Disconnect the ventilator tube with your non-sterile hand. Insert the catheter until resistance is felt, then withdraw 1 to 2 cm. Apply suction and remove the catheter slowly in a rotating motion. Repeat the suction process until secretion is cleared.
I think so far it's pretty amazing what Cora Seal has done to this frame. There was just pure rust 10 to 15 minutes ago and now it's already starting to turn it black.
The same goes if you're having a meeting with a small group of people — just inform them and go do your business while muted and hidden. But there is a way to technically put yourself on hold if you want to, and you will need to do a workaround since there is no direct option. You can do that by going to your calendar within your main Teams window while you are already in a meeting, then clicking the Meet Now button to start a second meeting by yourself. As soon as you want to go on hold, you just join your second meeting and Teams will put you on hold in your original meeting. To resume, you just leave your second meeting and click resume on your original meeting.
******************************
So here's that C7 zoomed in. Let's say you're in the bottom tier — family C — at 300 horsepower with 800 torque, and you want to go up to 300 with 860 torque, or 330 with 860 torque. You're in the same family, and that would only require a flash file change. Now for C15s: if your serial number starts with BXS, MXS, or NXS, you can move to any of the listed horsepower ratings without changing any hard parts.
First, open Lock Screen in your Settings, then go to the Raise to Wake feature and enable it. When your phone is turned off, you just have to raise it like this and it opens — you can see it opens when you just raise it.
******************************
Begin with the line above that has "So here's that" and continue through the line that has "First, open Lock", setting each one down exactly. Stop there.

So here's that C7 zoomed in. Let's say you're in the bottom tier — family C — at 300 horsepower with 800 torque, and you want to go up to 300 with 860 torque, or 330 with 860 torque. You're in the same family, and that would only require a flash file change. Now for C15s: if your serial number starts with BXS, MXS, or NXS, you can move to any of the listed horsepower ratings without changing any hard parts.
First, open Lock Screen in your Settings, then go to the Raise to Wake feature and enable it. When your phone is turned off, you just have to raise it like this and it opens — you can see it opens when you just raise it.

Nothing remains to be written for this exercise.